All dates are approximate and for orientation only. The division into kingdoms and periods is modern. The division into dynasties is from Manetho (3rd century BC).

1) Early Dynastic period dynasties 1 and 2 3100-2800

2) Old Kingdom dynasties 3 to 6 2800-2200

3) First Intermediate Period dynasties 7 to 10 2200-2050

4) Middle Kingdom dynasties 11 to 13 2050-1700

5) Second Intermediate Period dynasties 14 to 17 1700-1550

6) New Kingdom dynasties 18 to 20 1550-1100

7) Second Intermediate Period dynasties 21 to 25 1100-664

8) Late Kingdom dynasties 26 to 31 664 to 332

Outline of Jewish history Exodus to Exile

(Accepted Biblical chronology, early dates approximate)

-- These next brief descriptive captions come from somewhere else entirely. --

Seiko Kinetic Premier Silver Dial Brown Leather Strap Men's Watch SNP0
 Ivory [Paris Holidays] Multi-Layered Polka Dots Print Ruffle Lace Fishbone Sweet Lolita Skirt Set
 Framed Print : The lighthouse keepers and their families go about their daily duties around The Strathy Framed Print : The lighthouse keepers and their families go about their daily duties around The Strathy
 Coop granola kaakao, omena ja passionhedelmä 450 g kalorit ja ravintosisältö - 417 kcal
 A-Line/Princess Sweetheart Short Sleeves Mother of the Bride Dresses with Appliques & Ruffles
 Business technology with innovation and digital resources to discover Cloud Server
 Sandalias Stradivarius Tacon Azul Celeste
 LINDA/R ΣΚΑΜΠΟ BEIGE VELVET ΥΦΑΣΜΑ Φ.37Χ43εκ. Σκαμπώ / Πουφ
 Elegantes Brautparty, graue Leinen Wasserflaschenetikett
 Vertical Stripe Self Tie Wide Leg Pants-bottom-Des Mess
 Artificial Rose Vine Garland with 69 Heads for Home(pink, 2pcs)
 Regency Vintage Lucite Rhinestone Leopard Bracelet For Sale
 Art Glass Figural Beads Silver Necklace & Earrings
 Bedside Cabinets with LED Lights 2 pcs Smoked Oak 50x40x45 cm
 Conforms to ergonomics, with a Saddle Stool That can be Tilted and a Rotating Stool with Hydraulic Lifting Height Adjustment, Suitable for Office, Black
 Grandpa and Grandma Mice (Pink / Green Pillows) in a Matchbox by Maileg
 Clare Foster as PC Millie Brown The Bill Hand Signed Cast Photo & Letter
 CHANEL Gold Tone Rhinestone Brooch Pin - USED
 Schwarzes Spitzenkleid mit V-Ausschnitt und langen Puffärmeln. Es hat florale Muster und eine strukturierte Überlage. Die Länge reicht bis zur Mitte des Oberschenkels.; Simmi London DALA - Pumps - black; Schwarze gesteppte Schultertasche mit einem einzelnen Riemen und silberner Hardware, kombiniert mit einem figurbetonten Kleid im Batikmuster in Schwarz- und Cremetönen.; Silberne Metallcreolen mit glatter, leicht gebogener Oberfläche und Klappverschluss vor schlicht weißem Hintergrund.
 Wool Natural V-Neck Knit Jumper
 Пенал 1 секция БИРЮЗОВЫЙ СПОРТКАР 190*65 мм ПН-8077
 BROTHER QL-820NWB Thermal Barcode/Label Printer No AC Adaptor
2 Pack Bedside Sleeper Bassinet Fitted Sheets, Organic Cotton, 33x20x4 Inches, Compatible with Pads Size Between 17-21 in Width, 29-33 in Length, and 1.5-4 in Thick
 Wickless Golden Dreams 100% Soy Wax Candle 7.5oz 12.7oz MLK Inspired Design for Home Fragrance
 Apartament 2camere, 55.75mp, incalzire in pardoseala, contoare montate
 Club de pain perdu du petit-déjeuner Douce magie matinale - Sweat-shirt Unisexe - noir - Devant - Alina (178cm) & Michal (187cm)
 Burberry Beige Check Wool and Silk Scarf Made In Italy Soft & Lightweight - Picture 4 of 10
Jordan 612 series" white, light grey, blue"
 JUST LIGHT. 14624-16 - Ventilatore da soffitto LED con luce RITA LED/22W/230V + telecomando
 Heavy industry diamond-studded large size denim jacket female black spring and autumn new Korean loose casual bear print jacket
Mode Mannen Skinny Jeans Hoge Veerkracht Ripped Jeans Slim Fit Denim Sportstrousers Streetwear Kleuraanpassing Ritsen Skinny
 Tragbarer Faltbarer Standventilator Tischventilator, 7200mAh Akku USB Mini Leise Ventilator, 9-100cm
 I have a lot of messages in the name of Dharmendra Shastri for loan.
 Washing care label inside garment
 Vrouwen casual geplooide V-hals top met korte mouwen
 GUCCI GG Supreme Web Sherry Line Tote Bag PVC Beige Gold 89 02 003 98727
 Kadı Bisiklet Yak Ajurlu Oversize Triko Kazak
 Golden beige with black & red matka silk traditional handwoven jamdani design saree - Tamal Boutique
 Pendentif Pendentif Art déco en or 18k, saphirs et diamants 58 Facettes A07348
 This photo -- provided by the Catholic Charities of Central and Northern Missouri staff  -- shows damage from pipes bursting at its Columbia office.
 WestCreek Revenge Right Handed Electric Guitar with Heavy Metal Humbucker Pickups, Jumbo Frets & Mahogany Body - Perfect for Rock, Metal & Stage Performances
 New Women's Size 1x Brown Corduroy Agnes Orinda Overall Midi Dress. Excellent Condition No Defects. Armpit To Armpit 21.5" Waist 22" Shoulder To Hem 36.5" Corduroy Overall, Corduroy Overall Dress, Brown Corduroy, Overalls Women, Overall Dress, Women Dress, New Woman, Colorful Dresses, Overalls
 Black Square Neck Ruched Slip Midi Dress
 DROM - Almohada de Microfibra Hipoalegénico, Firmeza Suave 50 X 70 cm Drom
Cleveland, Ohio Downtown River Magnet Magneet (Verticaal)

1450 Exodus from Egypt, followed 1400 by conquest of Canaan

1030-930 United Monarchy - kings Saul, David and Solomon

930-721 Divided Monarchy - Judea and Israel separate kingdoms

721 Israel conquered by the Assyrians

721-586 Kingdom of Judah

586 Jerusalem conquered by the Babylonians. Exile in Babylon.

Chronological Revisionism

The Egyptian chronology is regarded as fixed and immutable, with only a little leeway for precise dating. But there have long been a small number of historians who have perceived problems with the accepted scheme, most notably Immanuel Velikovsky, David Rohl and Peter James. Although their solutions differ considerably, they broadly agree on where the problems lie.

The Dark Age of Greece

Until the late 19th century it was accepted that the earliest phase of Greek history, the Mykenean, immediately preceded the classical Hellenic age. Then, in the excavation of Tel-el-Amarna, the ancient Akhetaten, the capital city of the heretic 18th dynasty pharaoh Akhnaton, Mykenean pottery of types IIIA and IIIB was found. Because Akhetaton was only occupied for around twenty years, the pottery could be securely dated - and it was 500 years earlier than previously accepted, opening a huge gap between the phases of Greek history. Greek scholars were outraged. There was nothing in either the archaeology or the written documents to suggest such a thing. Nevertheless, the Egyptologists prevailed, and the Mykenean chronology was duly displaced by the required amount. But the problems noted at the time have not gone away.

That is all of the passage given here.